10 worst password offenders of 2018: Do better, Kanye West and Nutella

[Photos: NeONBRAND/Unsplash; Matthew Brodeur/Unsplash]

BY Melissa Locker2 minute read

Normally, Kanye West swinging by the Oval Office to pay a visit to Donald Trump would be headline news (and sure it was), but their meeting was completely upstaged by Kanye’s remarkably poor choice in passwords. That’s why he made the list of password manager Dashlane’s third annual “Worst Password Offenders.” 
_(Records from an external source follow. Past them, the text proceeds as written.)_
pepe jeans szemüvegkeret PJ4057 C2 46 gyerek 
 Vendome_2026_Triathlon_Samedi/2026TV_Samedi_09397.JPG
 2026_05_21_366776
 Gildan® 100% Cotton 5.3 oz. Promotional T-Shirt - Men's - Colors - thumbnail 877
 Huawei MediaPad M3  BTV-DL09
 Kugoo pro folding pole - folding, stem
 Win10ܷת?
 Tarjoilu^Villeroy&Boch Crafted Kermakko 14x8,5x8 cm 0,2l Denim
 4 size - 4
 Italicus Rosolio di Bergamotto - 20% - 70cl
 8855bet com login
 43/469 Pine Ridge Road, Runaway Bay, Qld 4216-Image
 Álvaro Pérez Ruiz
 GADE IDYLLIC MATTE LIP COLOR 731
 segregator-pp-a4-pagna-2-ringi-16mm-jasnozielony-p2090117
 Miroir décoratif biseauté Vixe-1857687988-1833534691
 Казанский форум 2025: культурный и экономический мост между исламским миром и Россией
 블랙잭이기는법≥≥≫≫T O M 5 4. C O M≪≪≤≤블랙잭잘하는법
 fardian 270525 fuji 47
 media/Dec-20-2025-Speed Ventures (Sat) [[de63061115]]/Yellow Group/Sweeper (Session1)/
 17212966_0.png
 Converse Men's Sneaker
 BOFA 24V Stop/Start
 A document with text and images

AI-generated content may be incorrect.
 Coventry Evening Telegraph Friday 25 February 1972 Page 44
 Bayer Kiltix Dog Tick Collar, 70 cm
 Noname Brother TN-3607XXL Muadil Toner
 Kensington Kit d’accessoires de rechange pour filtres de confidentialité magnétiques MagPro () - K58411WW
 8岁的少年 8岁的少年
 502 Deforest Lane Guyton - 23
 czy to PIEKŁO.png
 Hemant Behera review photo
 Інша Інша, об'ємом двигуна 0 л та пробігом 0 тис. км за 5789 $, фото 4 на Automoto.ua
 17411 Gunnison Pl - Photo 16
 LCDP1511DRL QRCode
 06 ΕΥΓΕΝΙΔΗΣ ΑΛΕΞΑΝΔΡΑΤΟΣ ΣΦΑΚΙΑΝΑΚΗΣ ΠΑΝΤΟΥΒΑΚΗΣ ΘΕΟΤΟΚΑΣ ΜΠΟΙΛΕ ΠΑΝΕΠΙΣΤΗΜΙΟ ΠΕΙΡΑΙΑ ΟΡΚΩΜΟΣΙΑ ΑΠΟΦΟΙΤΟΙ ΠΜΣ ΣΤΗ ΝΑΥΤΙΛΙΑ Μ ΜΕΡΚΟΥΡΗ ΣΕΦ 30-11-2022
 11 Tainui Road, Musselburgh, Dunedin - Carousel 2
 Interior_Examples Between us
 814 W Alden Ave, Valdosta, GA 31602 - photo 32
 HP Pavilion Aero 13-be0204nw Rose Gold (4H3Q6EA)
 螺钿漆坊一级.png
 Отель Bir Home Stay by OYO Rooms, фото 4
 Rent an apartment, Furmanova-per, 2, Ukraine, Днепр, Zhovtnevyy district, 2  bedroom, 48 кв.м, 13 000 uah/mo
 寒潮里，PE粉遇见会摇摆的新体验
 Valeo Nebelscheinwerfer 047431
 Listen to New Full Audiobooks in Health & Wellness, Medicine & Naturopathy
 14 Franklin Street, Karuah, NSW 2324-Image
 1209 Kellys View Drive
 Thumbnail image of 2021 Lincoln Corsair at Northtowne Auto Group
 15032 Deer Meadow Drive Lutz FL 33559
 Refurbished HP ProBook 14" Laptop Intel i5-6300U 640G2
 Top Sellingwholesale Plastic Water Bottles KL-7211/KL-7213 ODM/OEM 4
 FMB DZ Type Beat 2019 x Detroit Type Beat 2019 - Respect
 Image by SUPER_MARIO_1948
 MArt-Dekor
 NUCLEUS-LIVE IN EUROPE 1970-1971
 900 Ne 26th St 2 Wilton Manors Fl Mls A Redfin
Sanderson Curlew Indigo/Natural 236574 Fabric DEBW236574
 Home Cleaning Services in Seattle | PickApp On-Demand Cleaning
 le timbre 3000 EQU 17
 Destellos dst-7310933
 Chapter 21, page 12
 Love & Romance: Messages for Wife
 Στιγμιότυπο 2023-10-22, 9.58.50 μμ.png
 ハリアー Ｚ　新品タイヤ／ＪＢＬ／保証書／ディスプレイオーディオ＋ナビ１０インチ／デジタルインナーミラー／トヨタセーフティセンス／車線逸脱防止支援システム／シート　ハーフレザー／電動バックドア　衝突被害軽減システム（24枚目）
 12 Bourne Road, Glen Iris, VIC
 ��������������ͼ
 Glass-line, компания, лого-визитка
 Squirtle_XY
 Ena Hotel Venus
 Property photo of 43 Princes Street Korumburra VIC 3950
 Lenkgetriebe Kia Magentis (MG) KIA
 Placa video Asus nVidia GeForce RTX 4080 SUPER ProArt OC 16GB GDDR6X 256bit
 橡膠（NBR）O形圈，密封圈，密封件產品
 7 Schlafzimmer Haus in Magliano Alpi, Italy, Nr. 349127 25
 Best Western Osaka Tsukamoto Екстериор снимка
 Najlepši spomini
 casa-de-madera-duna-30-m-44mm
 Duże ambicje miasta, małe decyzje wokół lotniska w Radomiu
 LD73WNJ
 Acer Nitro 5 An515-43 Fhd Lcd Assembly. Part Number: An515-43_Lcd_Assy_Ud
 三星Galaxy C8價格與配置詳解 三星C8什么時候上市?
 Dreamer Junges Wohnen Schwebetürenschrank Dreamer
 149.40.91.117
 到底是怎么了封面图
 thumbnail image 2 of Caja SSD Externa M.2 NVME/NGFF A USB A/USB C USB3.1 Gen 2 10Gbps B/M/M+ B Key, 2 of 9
It’s easy to understand why people try to make passwords easy to remember–Dashlane found that the average internet user has more than 200 digital accounts that require passwords, and the company projects this figure to double to 400 in the next five years. Get yourself a password manager, stop using these terrible passwords, and try to avoid mistakes that will earn you a spot on this list:
  • 10. University of Cambridge: Someone left a plaintext password on GitHub of all places, allowing anyone to access the data of millions of people being studied by the university’s researchers via a Facebook quiz app. (NB: Don’t take Facebook quizzes; it rarely ends well.)
  • 9. United Nations: U.N. staff forgot to password protect their Trello, Jira, and Google Docs documents, leaving their internal data and international development plans open to anyone with the link.
  • 8. Google: An engineering student gained access to a Google TV broadcast satellite, but you can’t even call what the did as “hacking” per se because he simply logged in to the Google admin page with a blank username and password.
  • 7. White House staff: Some White House staffer wrote his email login and password on official White House stationery and then left it at a Washington, D.C., bus stop.
  • 6. Texas: The Lone Star State left over 14 million voter records exposed on a server that wasn’t password protected, leaving 77% of the state’s registered voters, including addresses and voter history unprotected.
  • 5. U.K. law firms: Researchers in the United Kingdom found over one million corporate email and password combinations from 500 of the country’s top law firms available on the dark web, some stored in plaintext.
  • 4. Nutella: Nutella decided it would be fun to convince its Twitter followers to use “Nutella” as their password as a way to celebrate World Password Day.
  • 3. Cryptocurrency owners: Poor cryptocurrency owners couldn’t access their potential newfound wealth because none of them could remember the passwords to their digital wallets. Did they try “Nutella”?
  • 2. The Pentagon: The Government Accountability Office (GAO) reported that they were able to guess Pentagon passwords in just nine seconds. That wasn’t even the most alarming part–they also discovered that multiple weapons systems were protected by default passwords that any member of the public could have found through a basic Google search.
  • 1. Kanye West: If you’re going to have your iPhone passcode set to “000000” don’t show it off in front of a room full of TV cameras broadcasting around the globe.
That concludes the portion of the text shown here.